● **YOUR GOAL**
When you transcribe the data below, reproduce every line exactly and leave each picture out.

● **GIVEN MATERIAL**
+ + +
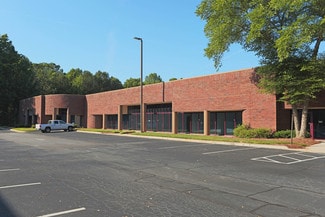 Plus de détails pour 1600 Oakbrook Dr, Norcross, GA - Industriel à louer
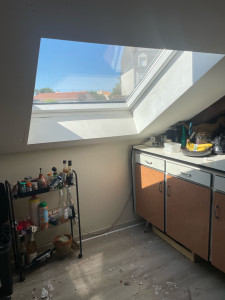 Photo de galerie - Pose d’un nouveau velux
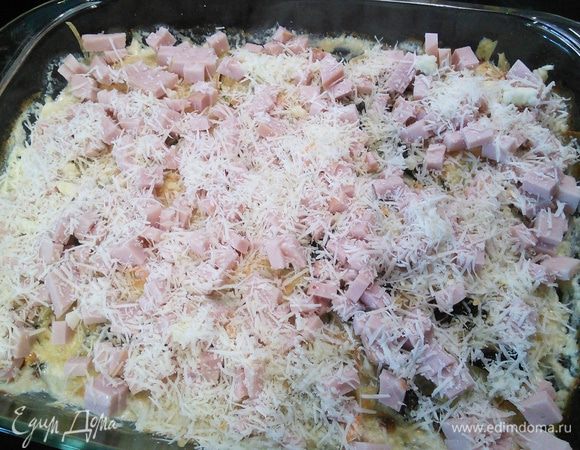 Посыпаем оставшейся гаудой, смешанной с натёртым пармезаном и допекаем гратен ещё 10-15 минут до золотистой корочки.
+ + +
● **ANSWER FOR THIS EXERCISE**
 Plus de détails pour 1600 Oakbrook Dr, Norcross, GA - Industriel à louer
 Photo de galerie - Pose d’un nouveau velux
 Посыпаем оставшейся гаудой, смешанной с натёртым пармезаном и допекаем гратен ещё 10-15 минут до золотистой корочки.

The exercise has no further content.